##### DATA EXTRACTS #####
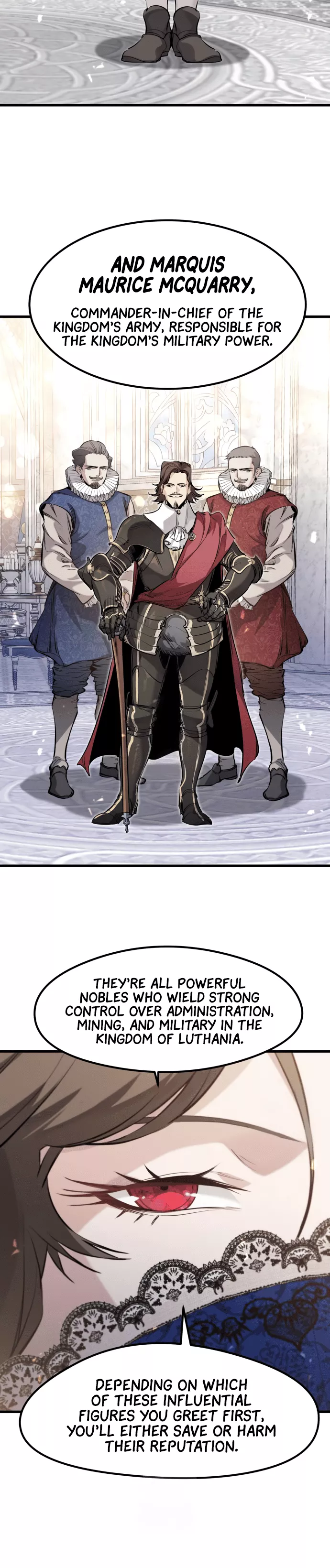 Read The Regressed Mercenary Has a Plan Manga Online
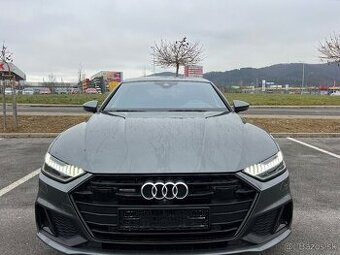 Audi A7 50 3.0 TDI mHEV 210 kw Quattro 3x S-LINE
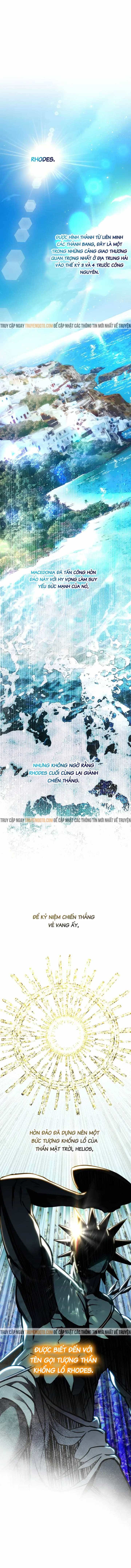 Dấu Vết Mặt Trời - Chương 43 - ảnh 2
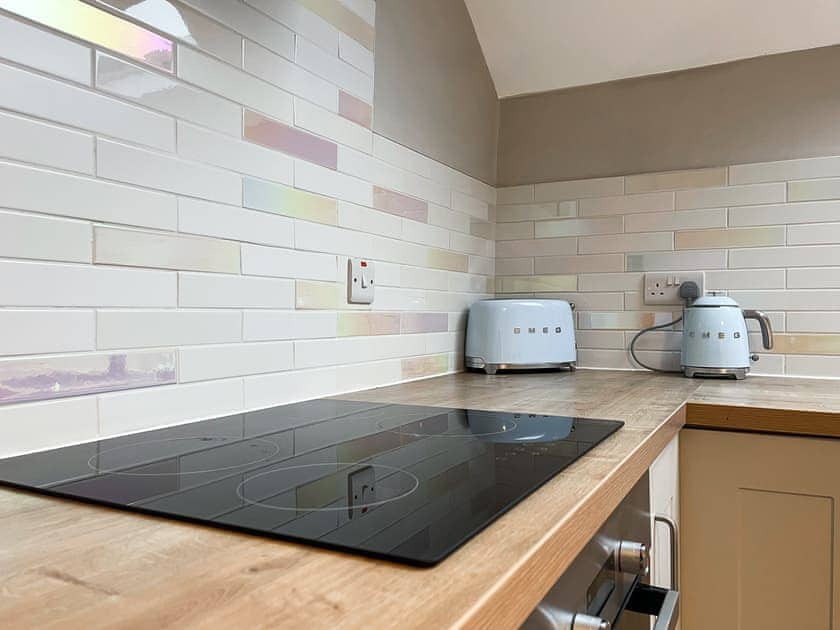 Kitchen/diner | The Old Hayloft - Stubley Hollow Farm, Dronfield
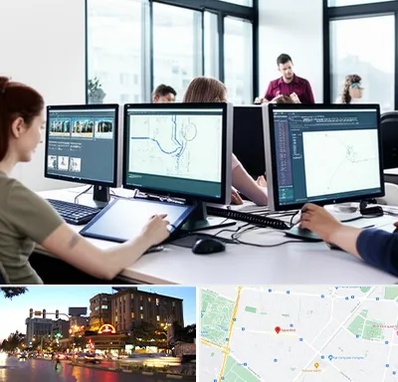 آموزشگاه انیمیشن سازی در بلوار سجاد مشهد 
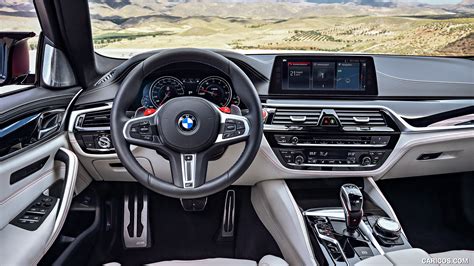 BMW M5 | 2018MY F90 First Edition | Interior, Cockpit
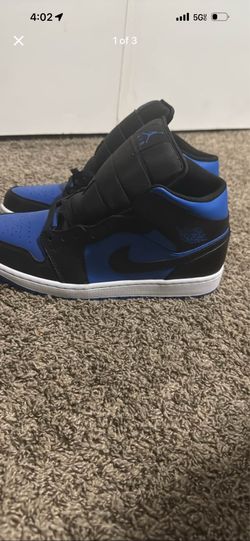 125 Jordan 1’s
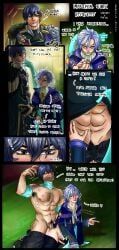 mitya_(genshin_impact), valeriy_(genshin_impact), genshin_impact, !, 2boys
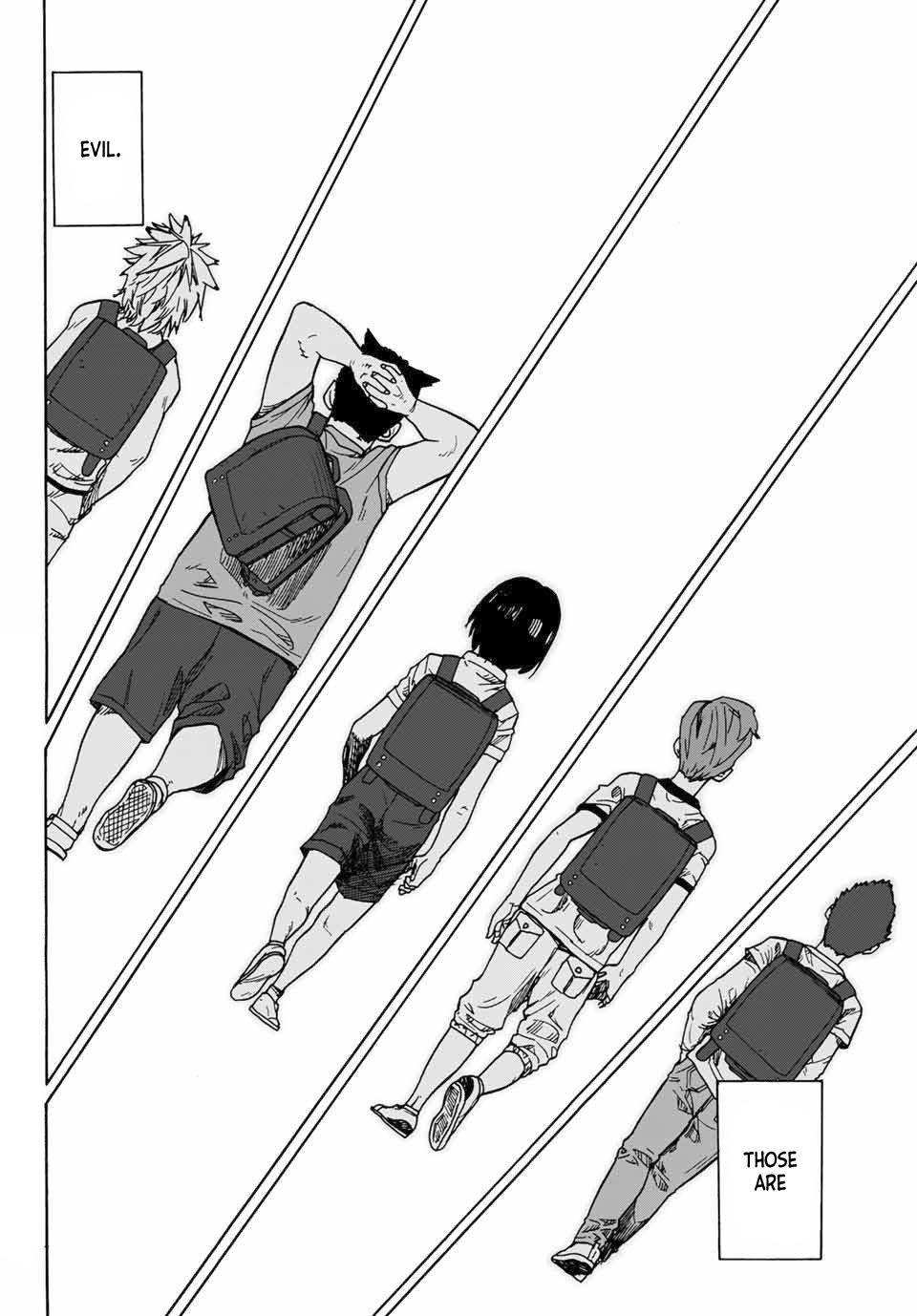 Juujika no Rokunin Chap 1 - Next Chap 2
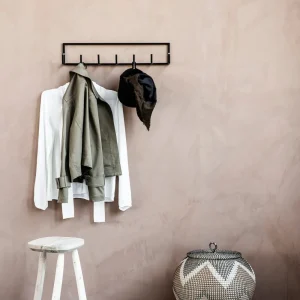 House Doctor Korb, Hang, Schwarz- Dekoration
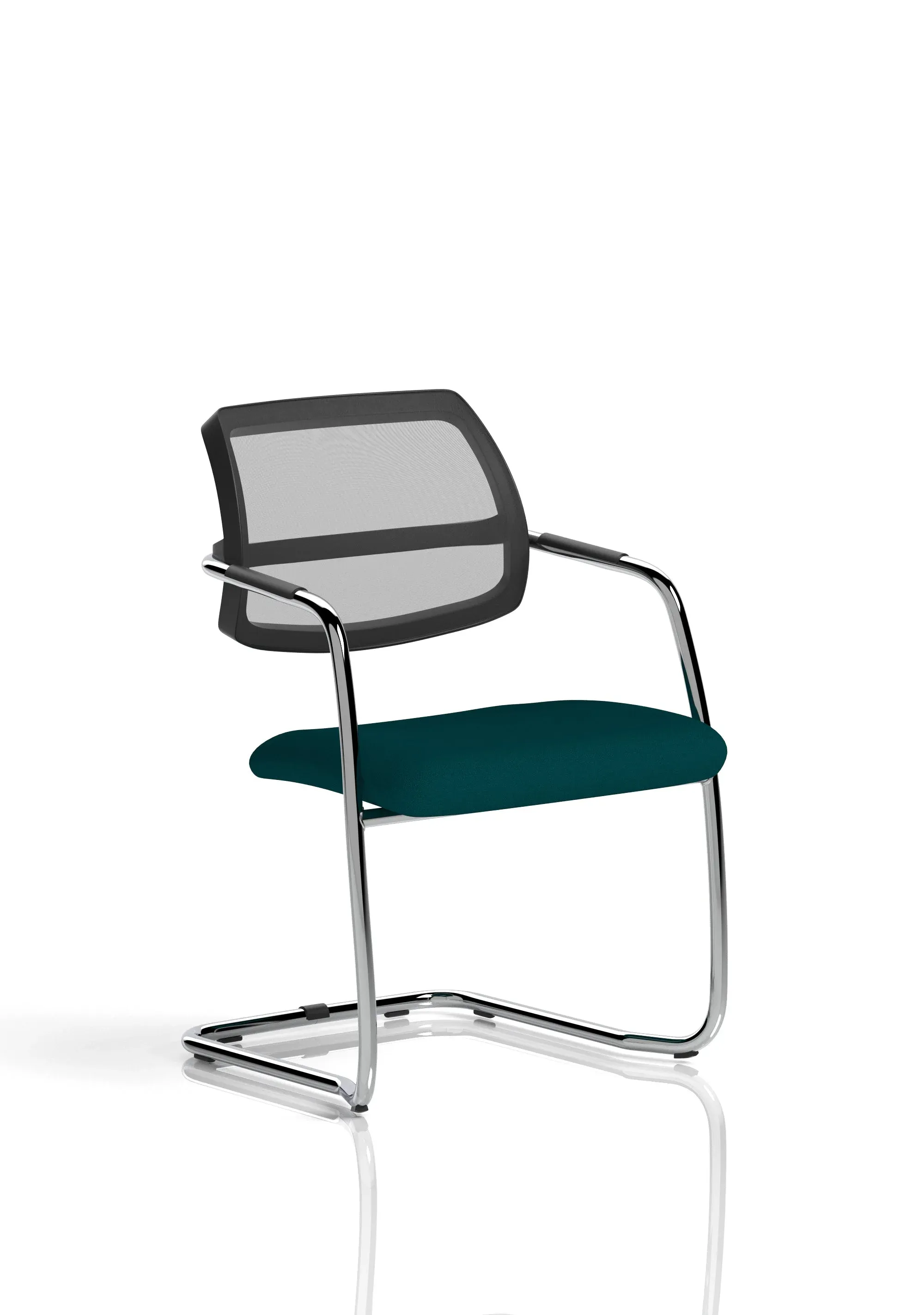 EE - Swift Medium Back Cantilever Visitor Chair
#####
##### DATA EXTRACTS #####
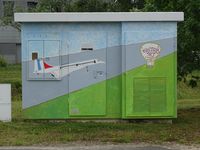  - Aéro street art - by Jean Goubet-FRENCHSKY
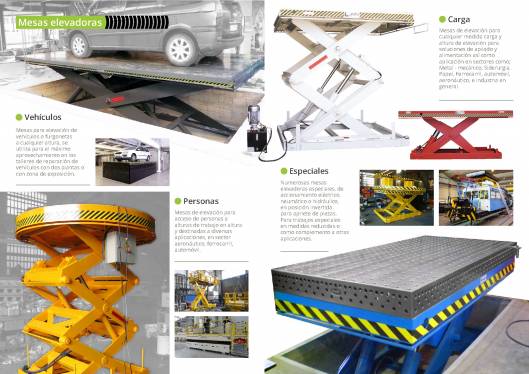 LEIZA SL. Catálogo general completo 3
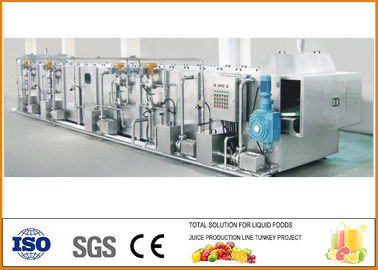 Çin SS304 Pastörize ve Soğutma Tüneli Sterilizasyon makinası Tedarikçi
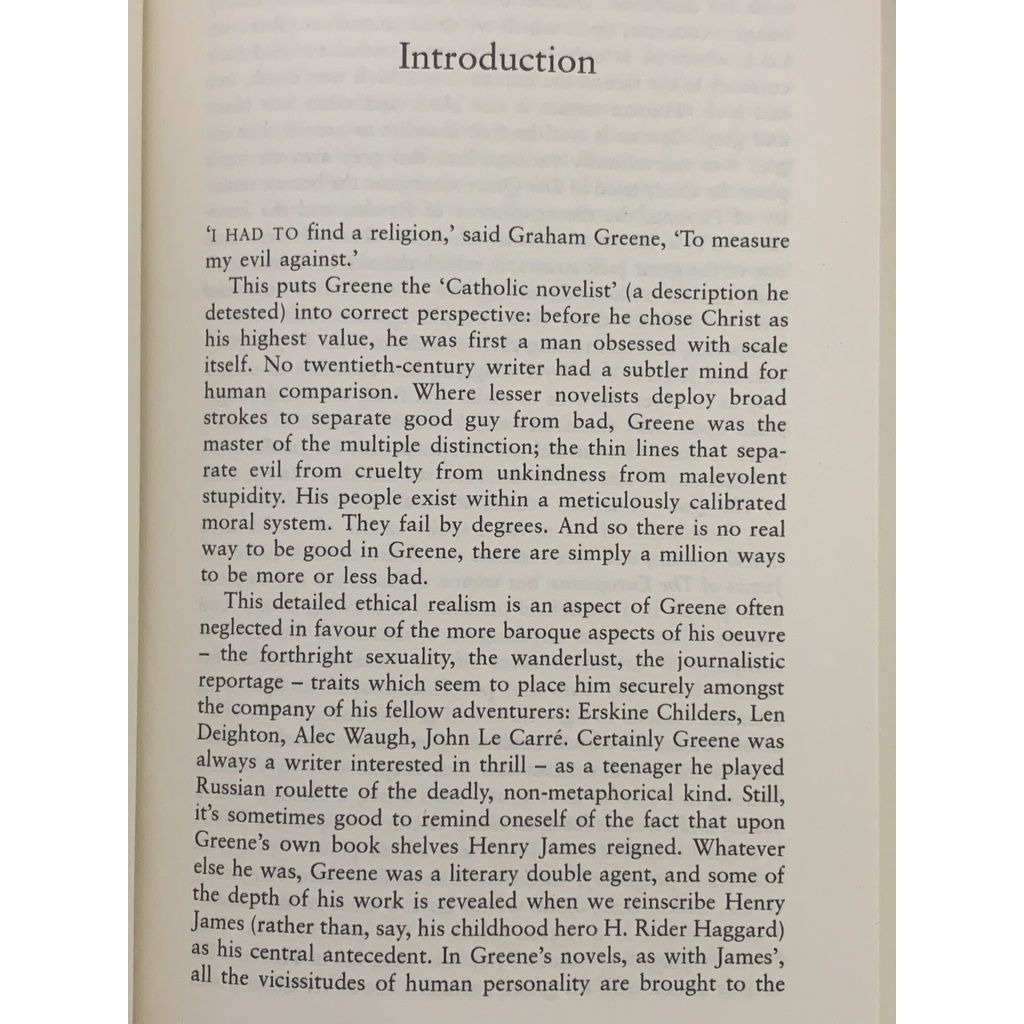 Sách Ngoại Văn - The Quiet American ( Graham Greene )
#####
##### DATA EXTRACTS #####
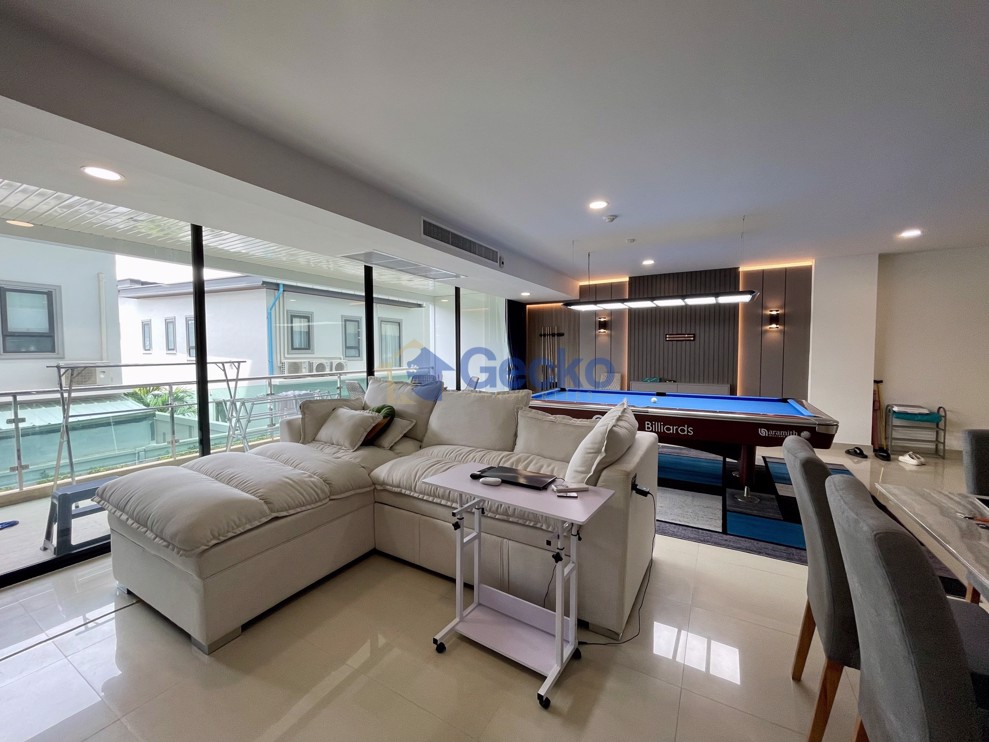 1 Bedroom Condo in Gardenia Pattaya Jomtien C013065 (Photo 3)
#####
_TASK DIRECTIONS_
Everything above from the line containing "- Aéro street" through the line containing "Sách Ngoại Văn" must be repeated exactly, and the pictures must be left out.

_SOLUTION_
  - Aéro street art - by Jean Goubet-FRENCHSKY
 LEIZA SL. Catálogo general completo 3
 Çin SS304 Pastörize ve Soğutma Tüneli Sterilizasyon makinası Tedarikçi
 Sách Ngoại Văn - The Quiet American ( Graham Greene )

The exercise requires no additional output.